Copy the listing below in full and skip every picture.

[Data below — start]

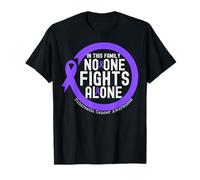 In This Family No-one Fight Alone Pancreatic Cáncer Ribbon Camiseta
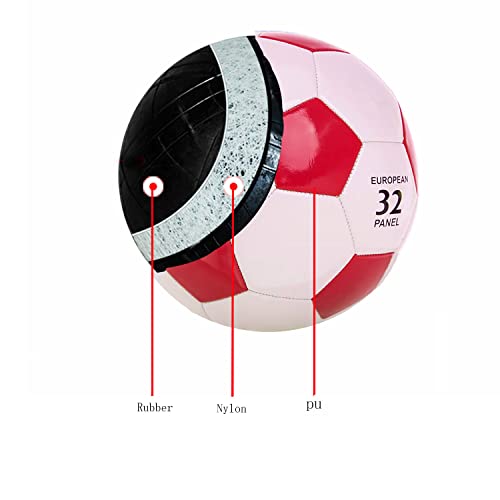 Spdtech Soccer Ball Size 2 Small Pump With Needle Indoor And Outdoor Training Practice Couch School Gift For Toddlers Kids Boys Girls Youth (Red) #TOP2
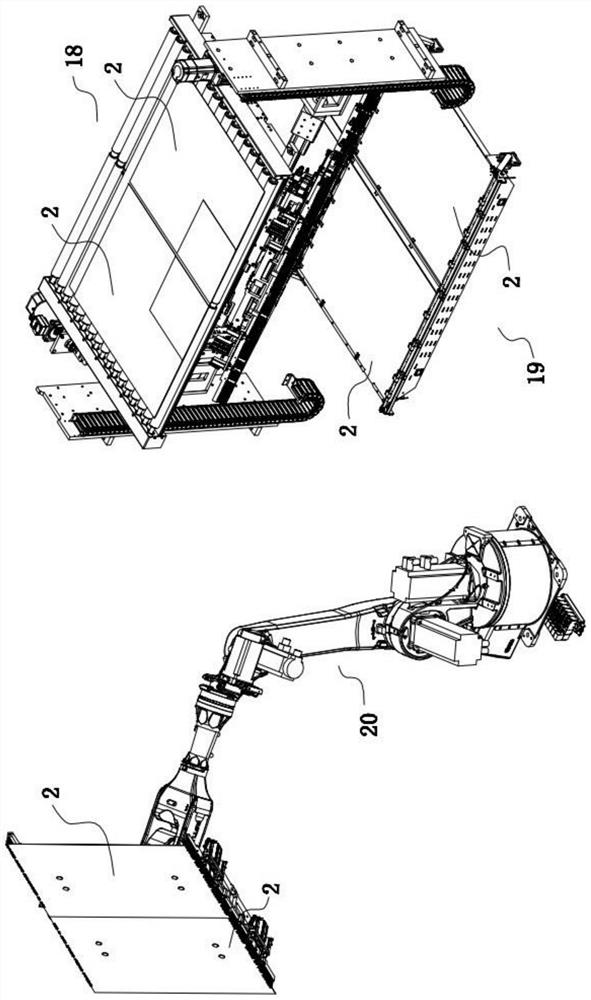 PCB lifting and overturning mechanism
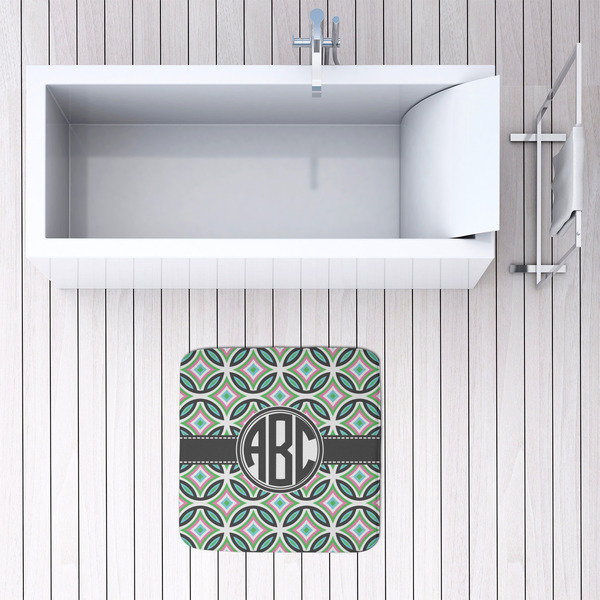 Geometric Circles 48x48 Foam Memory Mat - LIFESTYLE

[Data below — finish]

**Final answer**
 In This Family No-one Fight Alone Pancreatic Cáncer Ribbon Camiseta
 Spdtech Soccer Ball Size 2 Small Pump With Needle Indoor And Outdoor Training Practice Couch School Gift For Toddlers Kids Boys Girls Youth (Red) #TOP2
 PCB lifting and overturning mechanism
 Geometric Circles 48x48 Foam Memory Mat - LIFESTYLE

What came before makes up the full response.